Met with CCExtractor mentors, ramped up on the existing report format, and scoped the v1.0 JSON schema fields against downstream parser needs.
Read existing -out=report text emitter top-to-bottom. Drafted schema field list with mentors. Confirmed PAT enumeration was a known multi-program edge case before coding even started.
Added --report-format CLI flag, wired cJSON into the report emitter, scaffolded the v1.0 schema envelope (version, generator, media[]).
Replaced program-counter walk with PAT-based enumeration. Verified against 25 multi-program files that previously reported wrong program IDs.
Extending has_any_captions to OR across CEA-608, CEA-708, DVB, and Teletext rather than just CEA-608/708. Validating against teletext-only DVB streams in the test suite.

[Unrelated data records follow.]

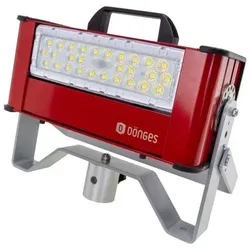 Akku-Flutlichtstrahler Aldebaran Raptor R, DMM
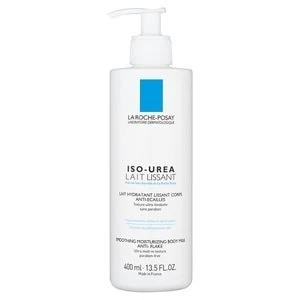 Image of La Roche-Posay Iso-Urea Moisturising Body Milk 400ml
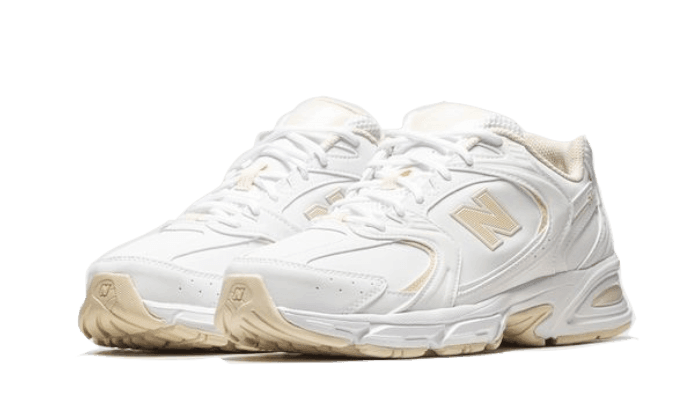 530 White Calm Taupe - NEWTREATS - SNEAKERS STORE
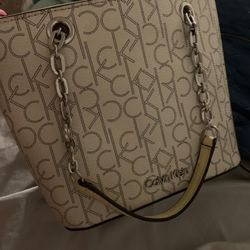 Calvin Klein Purse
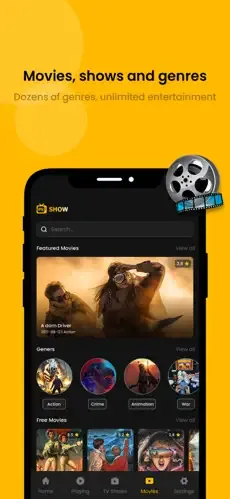 sony-bravia-latest-model Movies and shows
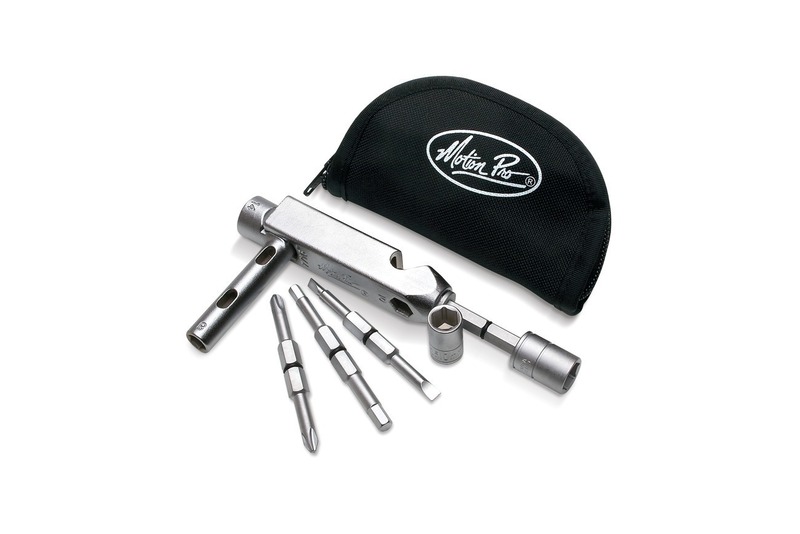 Outil de mesure Motion Pro Kit métriques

Lock schema fields. Run full 172-file test suite, confirm 100% valid JSON, sign off on v1.0 before midterm.
Add per-stream codec, bitrate, and language metadata to the JSON output. Keep field set conservative — no breaking changes after v1.0 lock.
Define a typed errors[] array. Decode failures, parse warnings, and stream gaps each get a stable error code. Prep midterm evaluation submission.
Midterm evaluation week (Jul 6 – Jul 10). Submit progress report. Sync with mentors on remaining scope.
Document jq-based parsing patterns for common CI checks: caption presence, error count, stream count mismatches.
Author the schema reference doc. Verify the output parses cleanly in Python (pydantic), TypeScript (zod), and Rust (serde) — three reference consumers.
Add JSON-output assertions to the existing testsuite. Catch silent schema drift before it ships.
Mentor walkthrough of the PR. Address feedback. Confirm v1.0 schema is frozen.
Final report draft. PR ready for upstream merge. Final submission window opens Aug 17 – Aug 24.